AVAILABLE RECORDS:
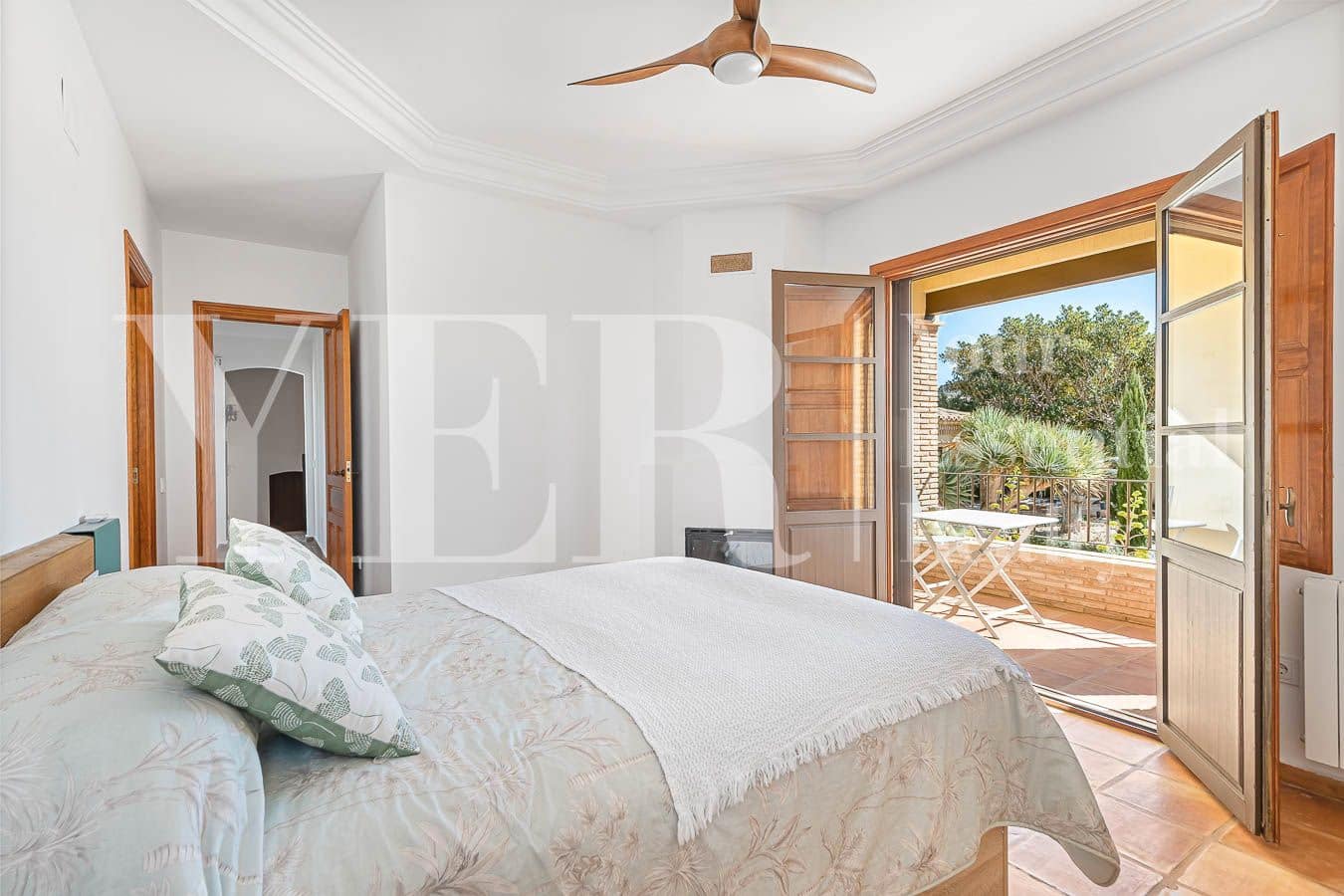 4 soverom Villa til salgs i Busot med svømmebasseng garasje - € 799 000 (Ref: 8873780)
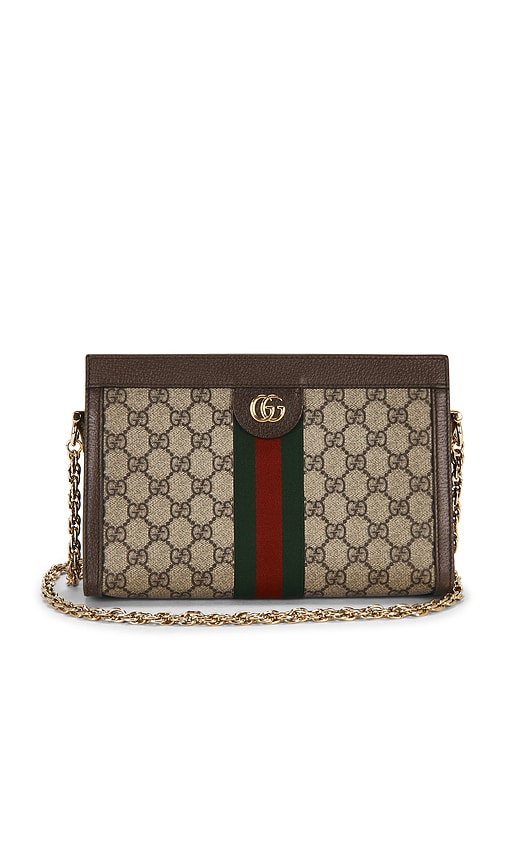 FWRD Renew SAC PORT PAULE GUCCI en Brown 1352 €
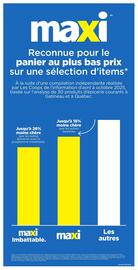 Maxi flyer week 50 Page 4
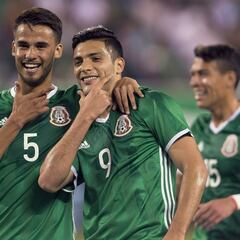 Lista la convocatoria de la Selección Mexicana que enfrentará a Honduras y Estados Unidos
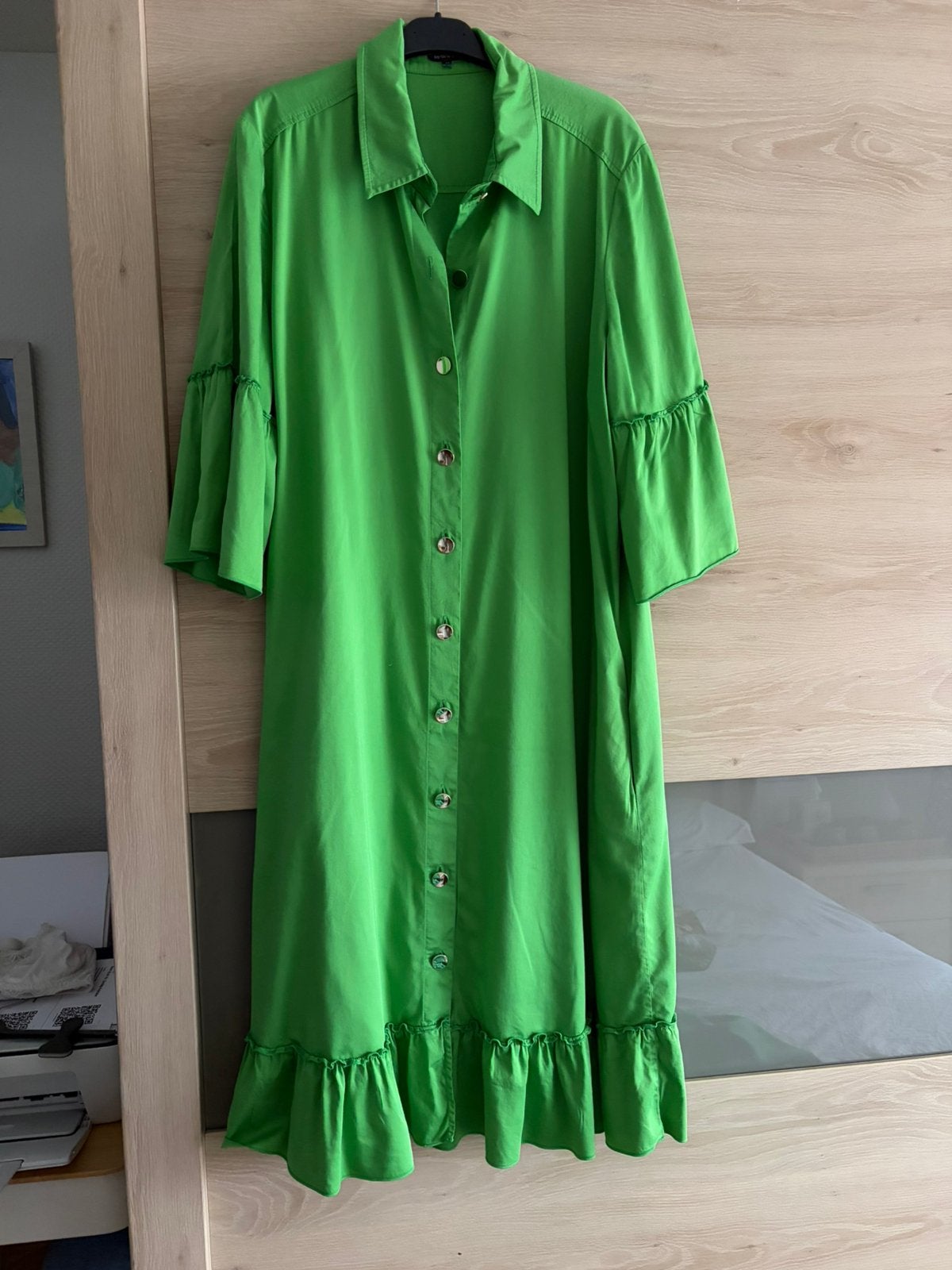 Jurkje Caroline biss, Kleding | Dames, Jurken, Ophalen of Verzenden, Zo goed als nieuw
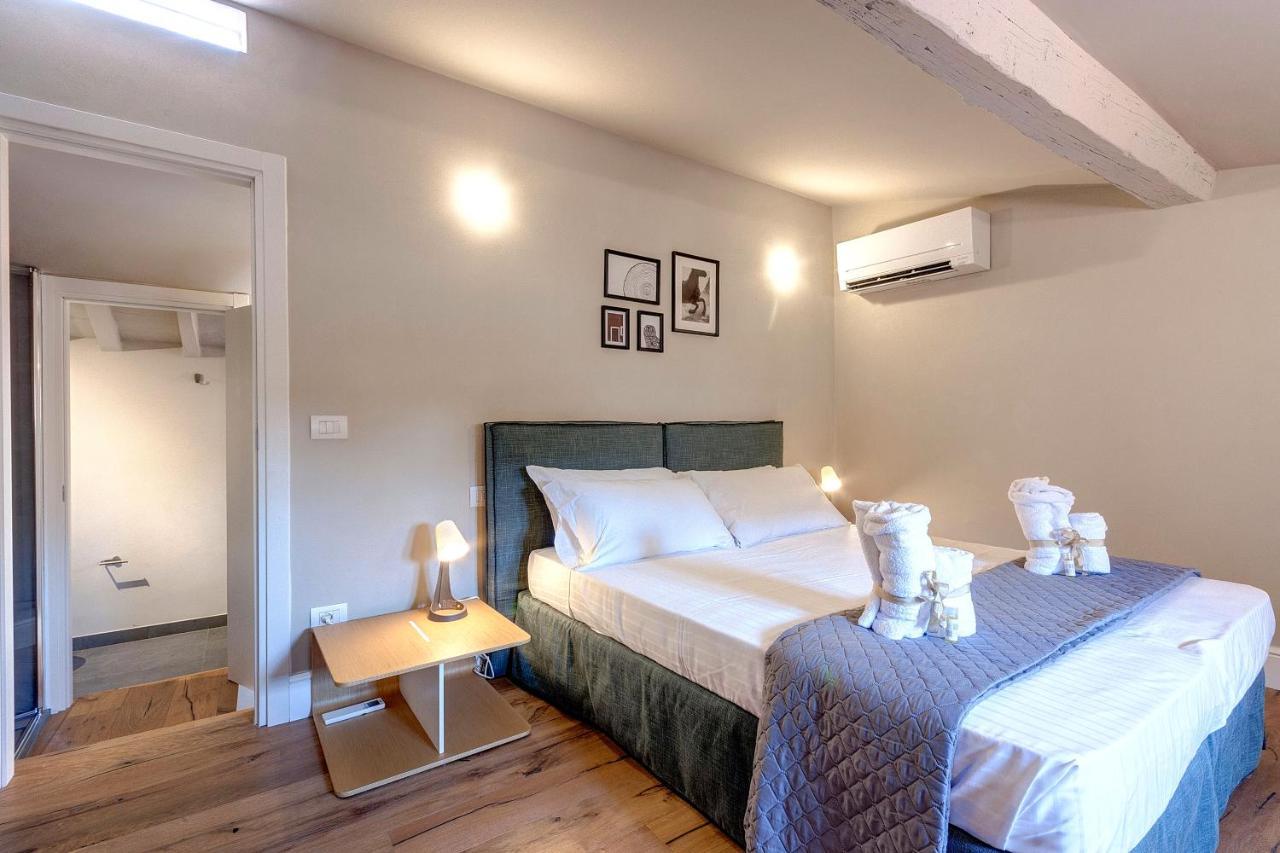 Pepe Apartment By Mamo Floransa Dış mekan fotoğraf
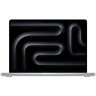 Apple MacBook Pro 14" (M3 8C CPU, 10C GPU, 2023) 8 ГБ, 512 ГБ SSD, Silver, серебристый, MR7J3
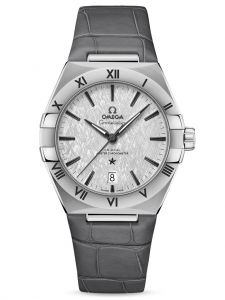 Đồng hồ Omega Constellation 131.13.39.20.06.001 39 Steel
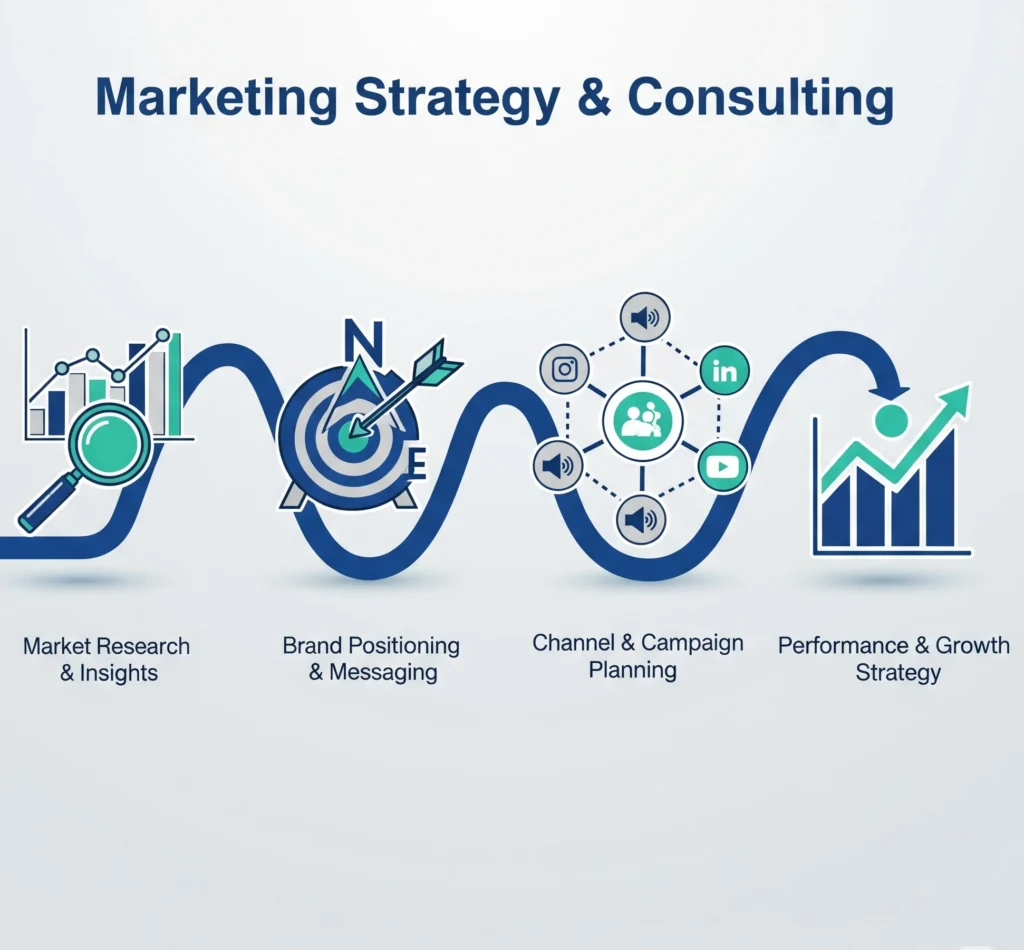 Strategy & Consulting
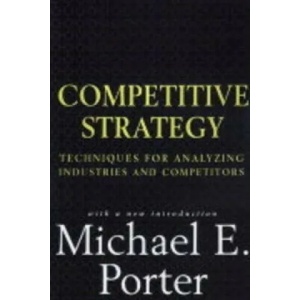 Competitive Strategy (2004)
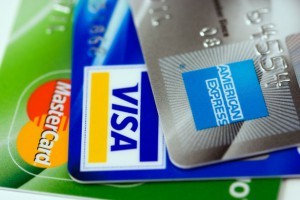 Company Credit Cards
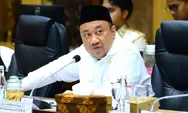 DPR: Anggaran Pendidikan Akan Digunakan untuk Mengangkat Pegawai MBG jadi PPPK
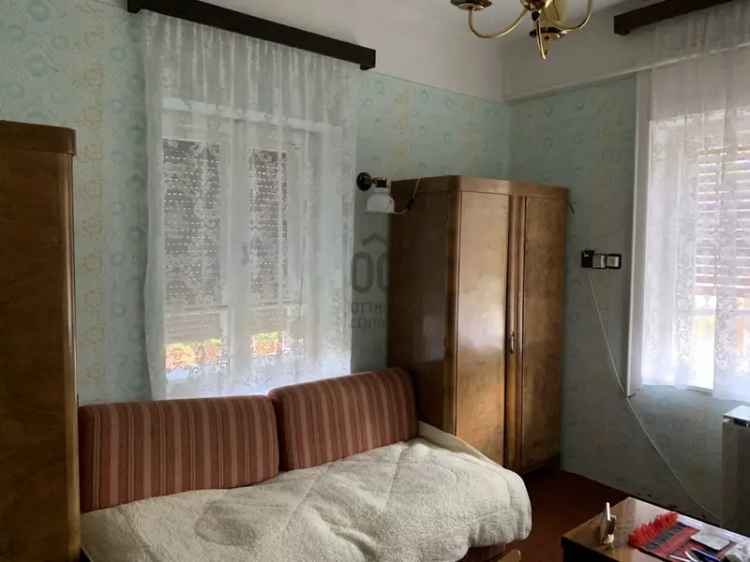 Hegyvidéki Ingatlan Kisfüzesen 4 Szoba Garázzsal Panorámával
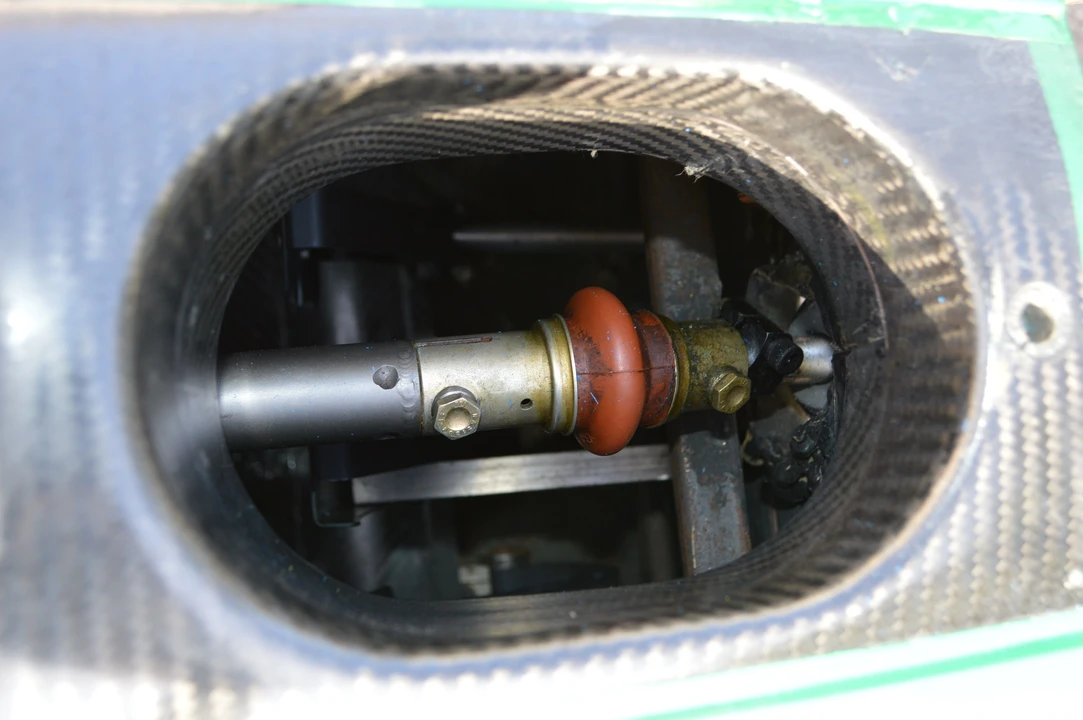 1991 Polestar - Image 11 of 31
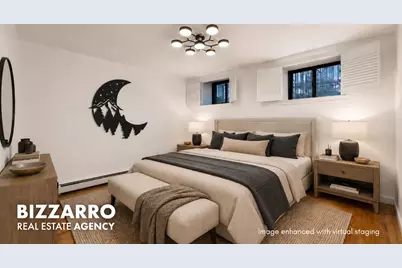 502 W 141st Street #1A, New York, NY 10031 - Photo 3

WHAT NEEDS TO BE DONE:
Set the entries down exactly, but not the pictures.

ANSWER FOR THE TASK:
 4 soverom Villa til salgs i Busot med svømmebasseng garasje - € 799 000 (Ref: 8873780)
 FWRD Renew SAC PORT PAULE GUCCI en Brown 1352 €
 Maxi flyer week 50 Page 4
 Lista la convocatoria de la Selección Mexicana que enfrentará a Honduras y Estados Unidos
 Jurkje Caroline biss, Kleding | Dames, Jurken, Ophalen of Verzenden, Zo goed als nieuw
 Pepe Apartment By Mamo Floransa Dış mekan fotoğraf
 Apple MacBook Pro 14" (M3 8C CPU, 10C GPU, 2023) 8 ГБ, 512 ГБ SSD, Silver, серебристый, MR7J3
 Đồng hồ Omega Constellation 131.13.39.20.06.001 39 Steel
 Strategy & Consulting
 Competitive Strategy (2004)
 Company Credit Cards
 DPR: Anggaran Pendidikan Akan Digunakan untuk Mengangkat Pegawai MBG jadi PPPK
 Hegyvidéki Ingatlan Kisfüzesen 4 Szoba Garázzsal Panorámával
 1991 Polestar - Image 11 of 31
 502 W 141st Street #1A, New York, NY 10031 - Photo 3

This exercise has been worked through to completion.